### What needs to be done
Take the lines below from the one with "Dermott Chocolate Upholstered" through the one with "Pohnpei Custom Personalised" and print only them, exactly. Don't print the pictures.

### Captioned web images
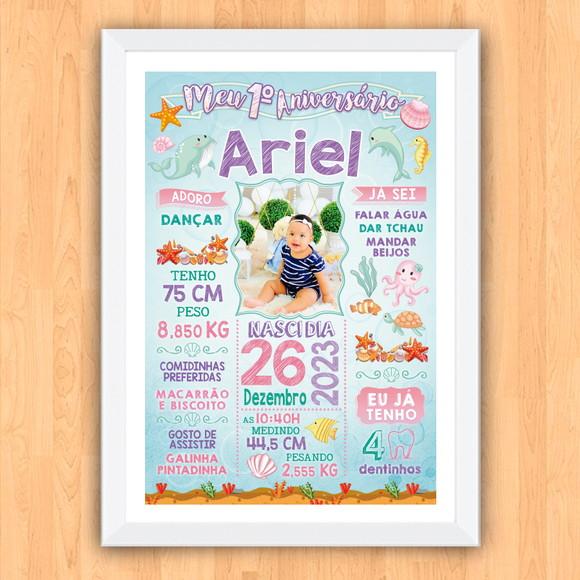 Poster Chalkboard Aniversário Fundo do Mar 30x42cm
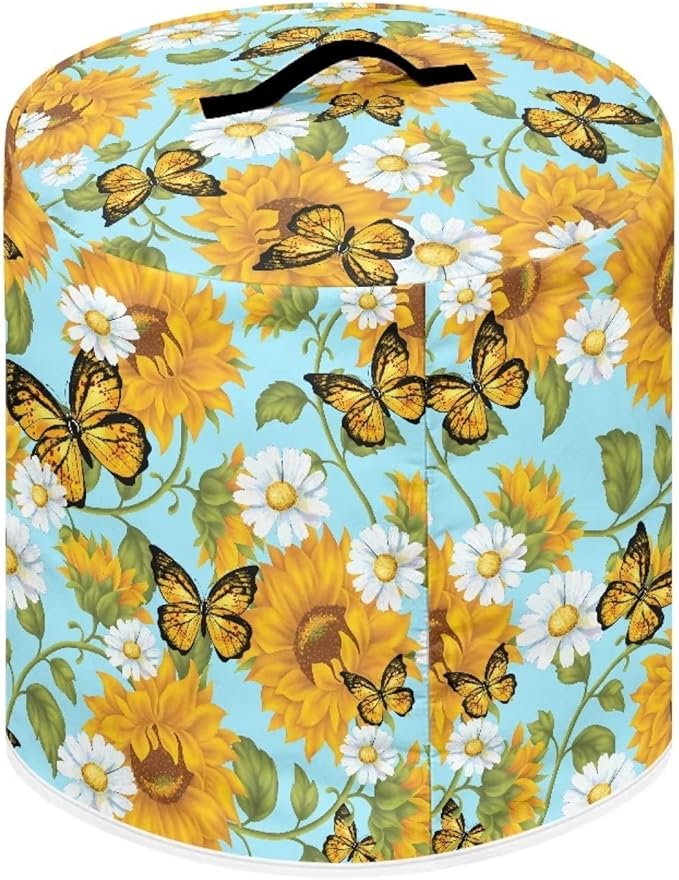Butterfly and Sunflower Kitchen Decor Accessories Appliance Dust Cover for Electric Pressure Cooker/Air Fryer/Rice Cooker/Steamer/Toaster,Pressure Cooker Cover 8 qt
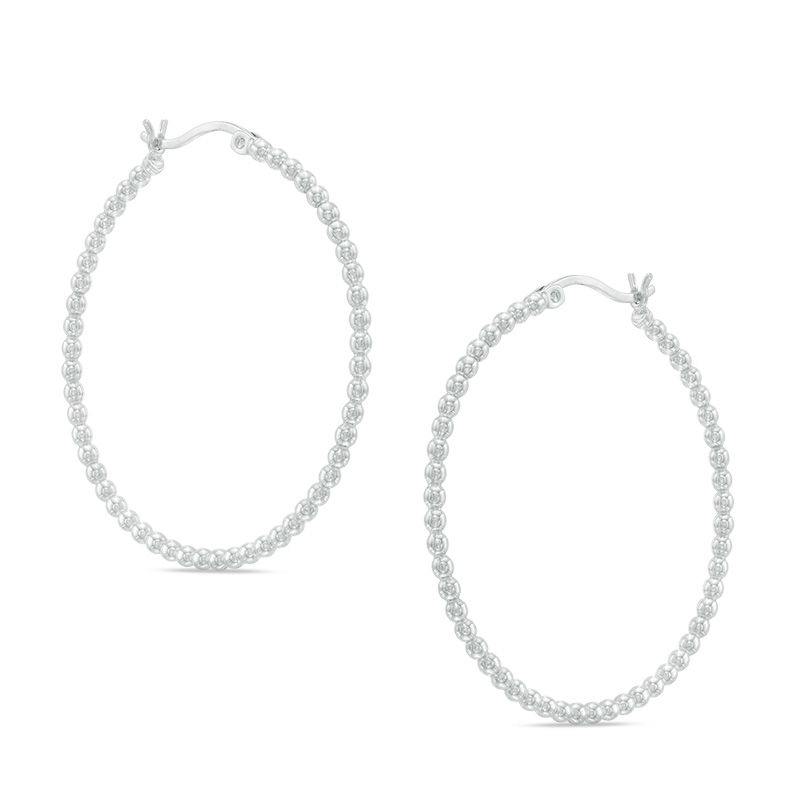 Main Image 1 of 39.4mm Shimmer Beaded Hoop Earrings in Sterling Silver
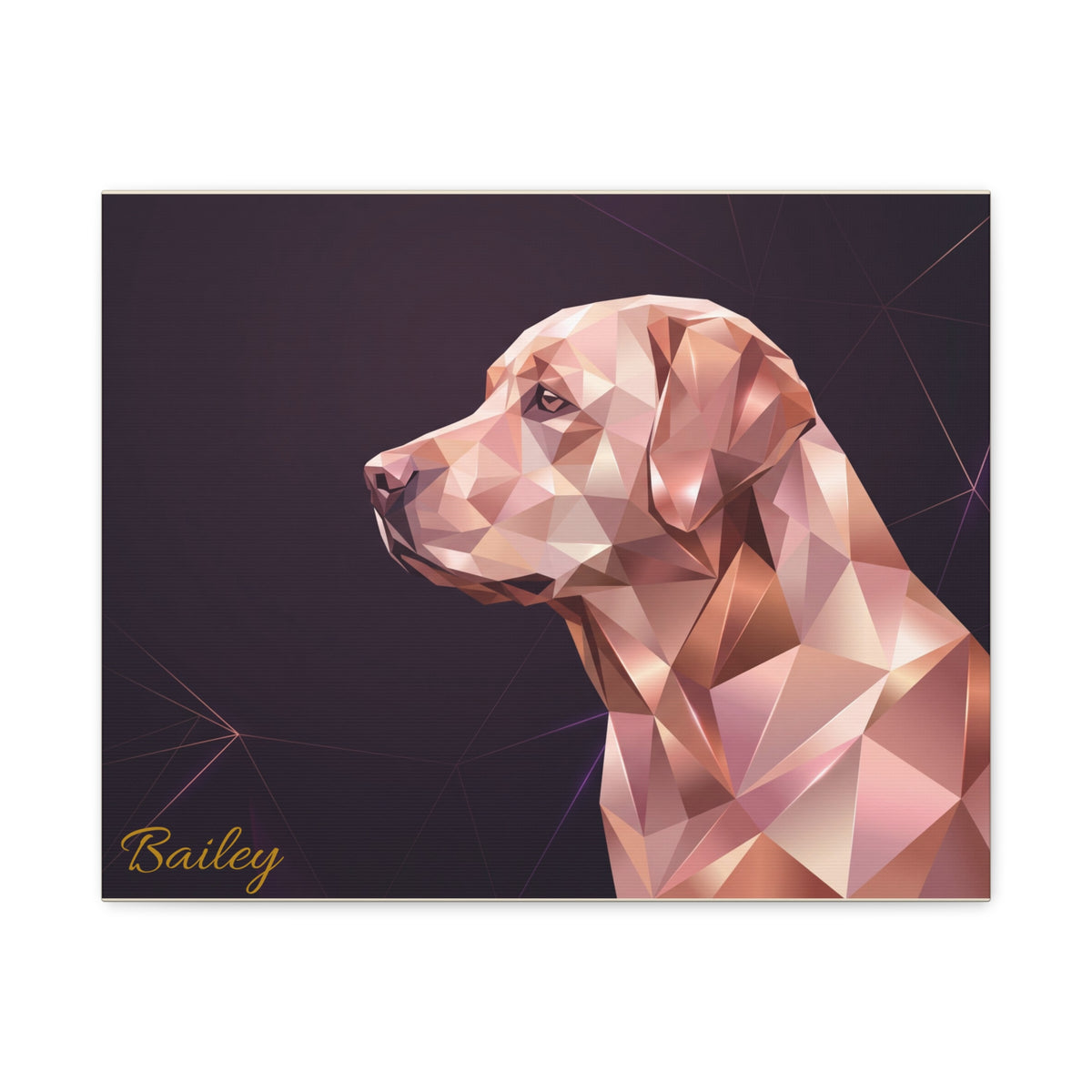 Labrador Personalized Canvas | Rose Gold Geometric Wall Art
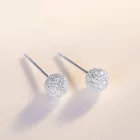 Stud Earring Earring S925 Silver Jewelry Women's Sterling Silver Sparkling Bead Stud Earring
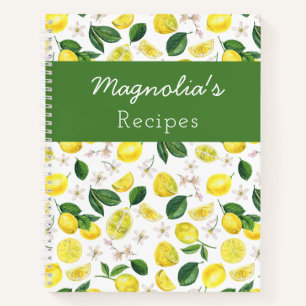Personalized Lemon Pattern Recipe Notebook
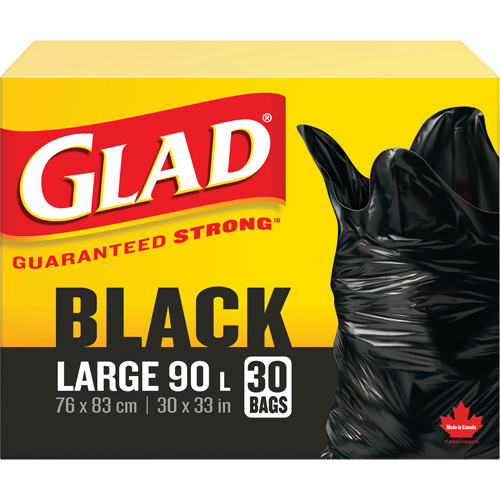 90L Garbage Bags, Regular, 30" W x 33" L, Black OSI Industrial Sales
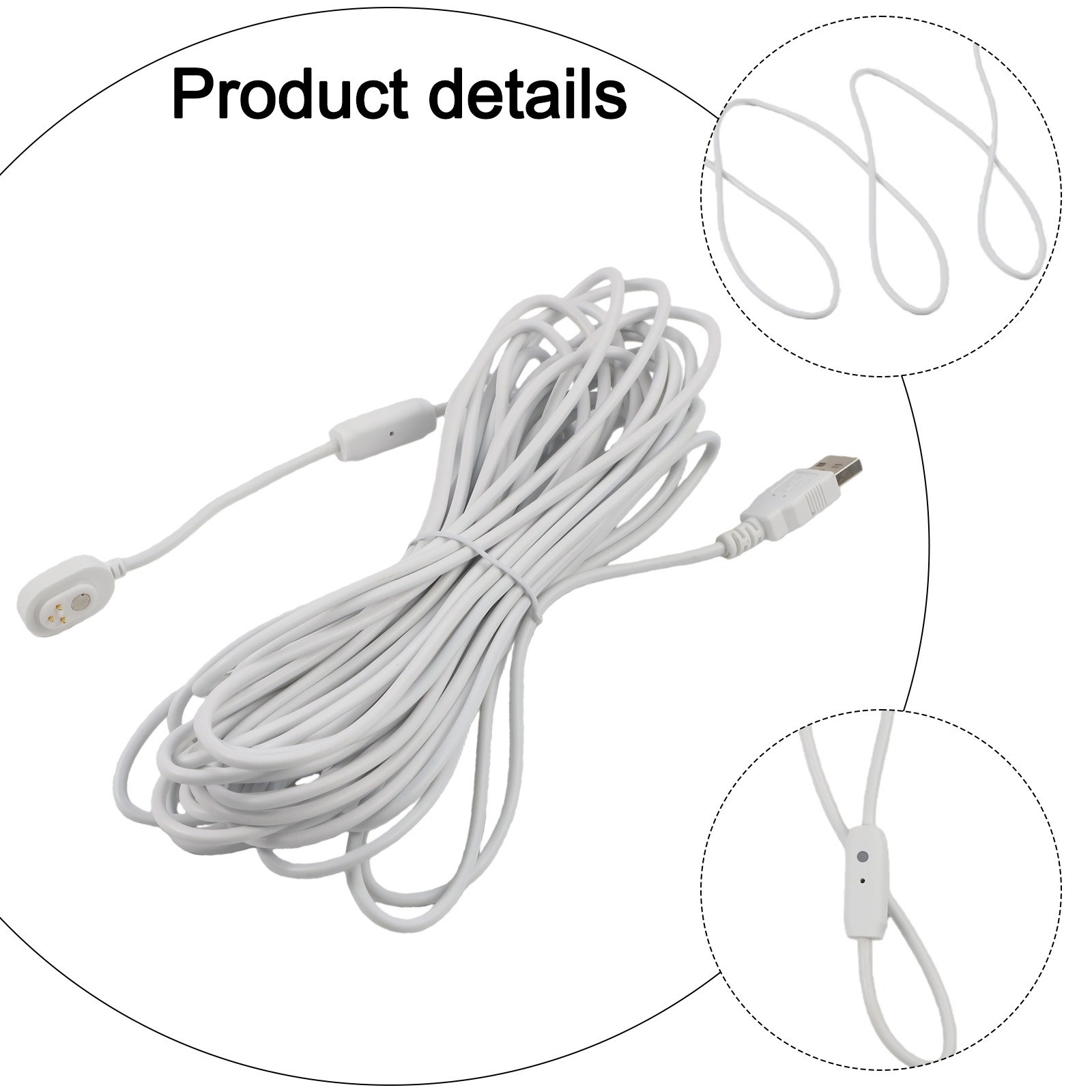 Magnetic Charging Cable for Arlo Pro 5S 2K Pro 4 Pro 3 For Ultra Go2 5 2m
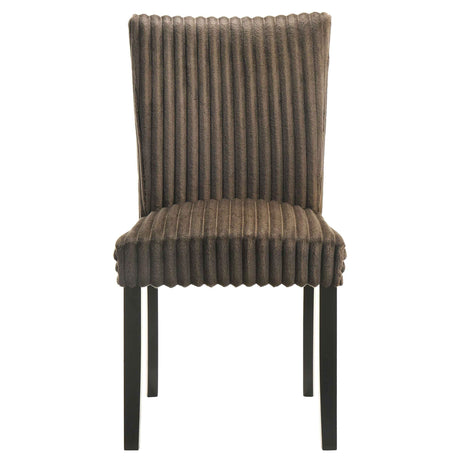 Dermott Chocolate Upholstered Parson Dining Side Chair (Set of 2) by Coaster at Eve Furniture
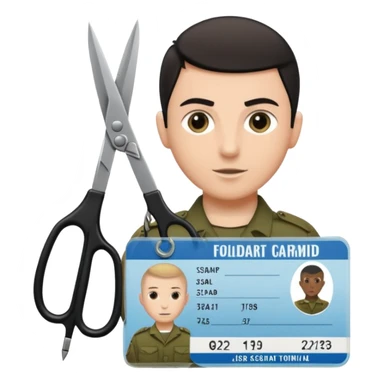Floating black Scissors cutting in half an idf soldier ID card in 2 parts .hyper realistic sticker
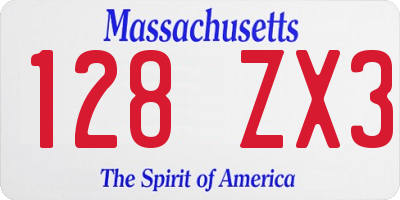 MA license plate 128ZX3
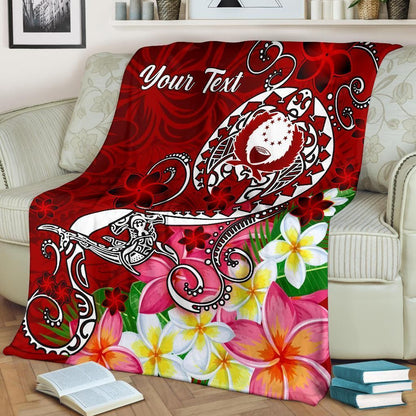 Pohnpei Custom Personalised Premium Blanket - Turtle Plumeria (Red)
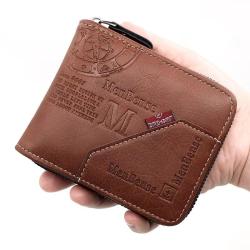 ZR941 Men's Short Wallet Retro Pu Wallet Horizontal Square ID Card Holder Purse Casual Business Coin Wallet Father's Day Gift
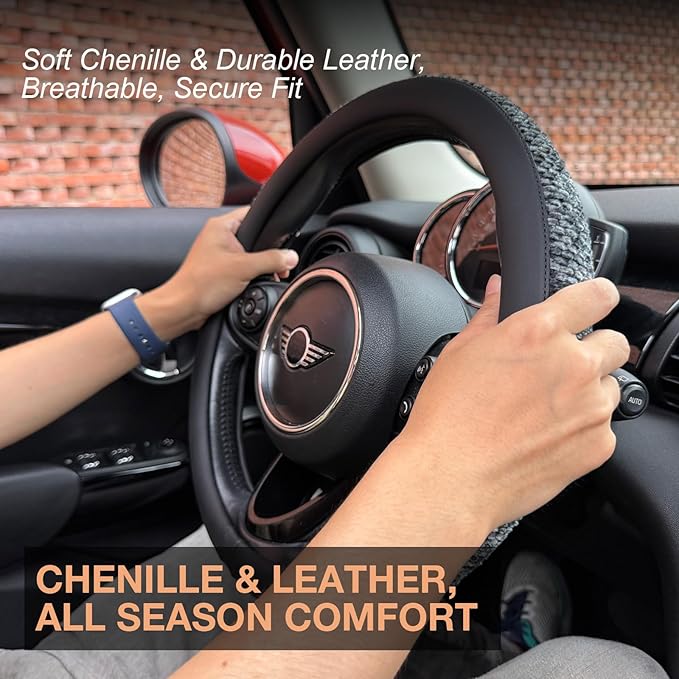 PINCTROT Chenille Leather Steering Wheel Cover, Soft Mottled Colors, Sweat-Proof, Non-Slip Grip, All-Season Comfort, Universal 14.5-15 Inch(Mottled Gray)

### Answer space
 Dermott Chocolate Upholstered Parson Dining Side Chair (Set of 2) by Coaster at Eve Furniture
Floating black Scissors cutting in half an idf soldier ID card in 2 parts .hyper realistic sticker
 MA license plate 128ZX3
 Pohnpei Custom Personalised Premium Blanket - Turtle Plumeria (Red)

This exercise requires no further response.